About The Role
As a Network Architect on the Cluster Architecture Team, you will work closely with the vendors, internal networking teams and industry peers to develop best-in-class interconnect architecture of the current and future generations of the Cerebras AI clusters. You will be responsible for developing proof-of-concept of new network designs and features enabling resilient and reliable network for AI workloads. The role will require cross-functional collaboration and interaction with diverse hardware components (e.g., network devices and the Wafer-Scale Engine) as well as software at several layers of the stack, from host-side networking to cluster-level coordination. The role also requires understanding of network monitoring systems and network debugging methodologies.
Responsibilities
- Design AI/ML and HPC Clusters.
- Identify and address performance or efficiency bottlenecks, ensuring high resource utilization, low latency, and high throughput communication.
- Drive technical projects involving multiple teams, various software and hardware components coming together to realize advanced Networking technologies.

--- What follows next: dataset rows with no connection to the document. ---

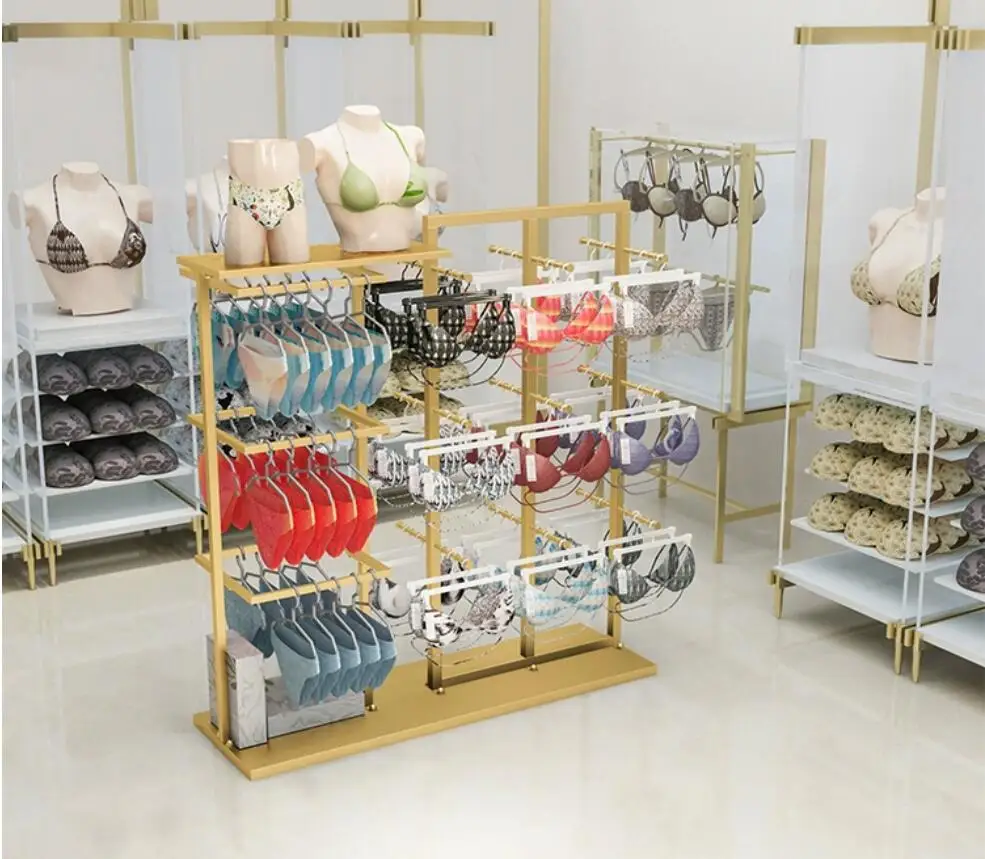 Underwear store underwear shelves, underwear and bra display racks, double-sided hanging shorts display racks in shopping malls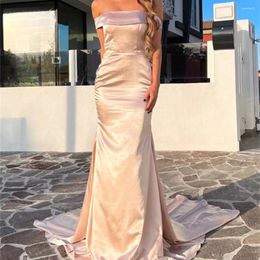 Party Dresses Empire Sexy Split Wedding Guest Prom Dress Column Silk Like Satin Ruched Off-the-Shoulder Sleeveless Court Train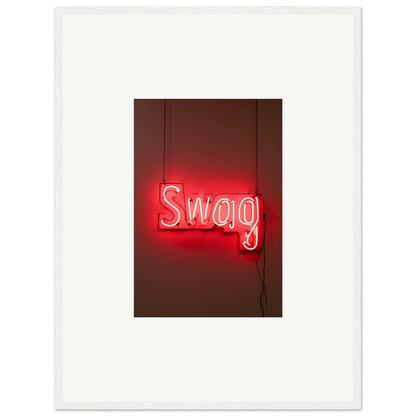 Neon red Swag sign as stylish room decor in Slips Viadvent framed wall art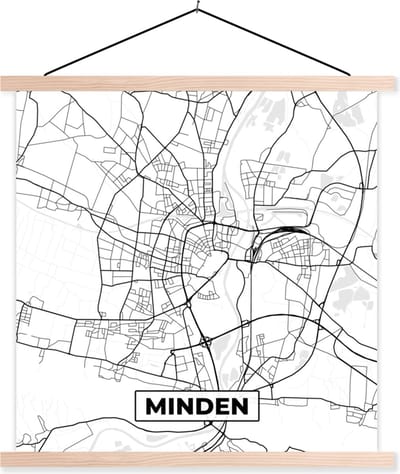 Posterhanger incl. Poster 40x40 cm - Schoolplaat - Minden - Stadskaart - Plattegrond - Kaart - Textielposter - Blanke latten - Stadskaart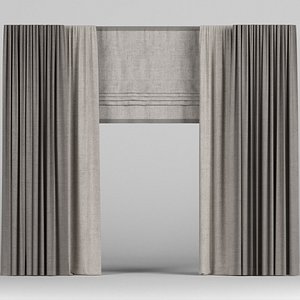 curtain brown roman 3D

- Bring effective communication skills.
- Collaborate with vendors and industry peers to drive network hardware and feature roadmap.

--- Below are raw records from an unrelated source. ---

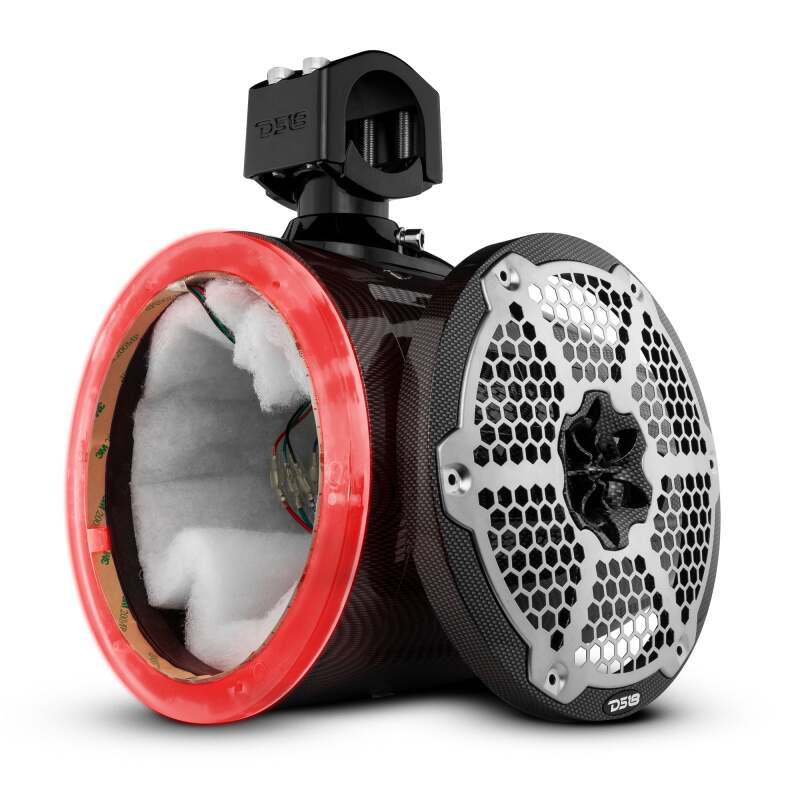 DS18 Marine And Powersports Towers 8in RGB LED Lights Black Carbon Fiber Speakers Not Included
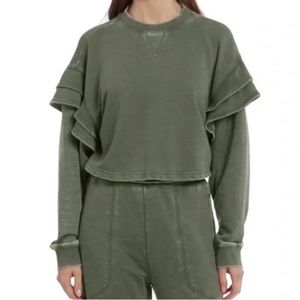 7 For All Mankind Sweatshirt, Ruffle Sleeve, Green, XS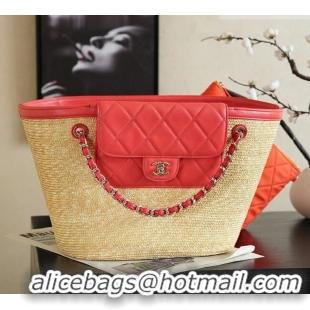 Grade Cheapest Chanel Braided Straw Large Shopping Bag AS5952 Red 2026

- Represent Cerebras in industry forums.
- Central point of contact for any network reliability issues.
Skills & Qualifications
- Ph.D. in Computer Science or Electrical Engineering + 10 years industry experience or Master’s in CS or EE + 15 years industry experience.
- 8+ Years of experience in large scale network designs in WAN or Datacenter.
- Extensive experience debugging networking issues in large distributed systems environment with multiple networking platforms and protocols.
- Experience of managing and leading multi-phase and multi-team projects.
- Networking platforms like Juniper, Arista, Cisco, Open box architectures (Sonic, FOBSS).
- Networking protocols like RoCE, BGP, DCQCN, PFC, Streaming telemetry.
- Familiarity with automation languages like Python, or Go.
- Familiarity with Network visibility and management systems.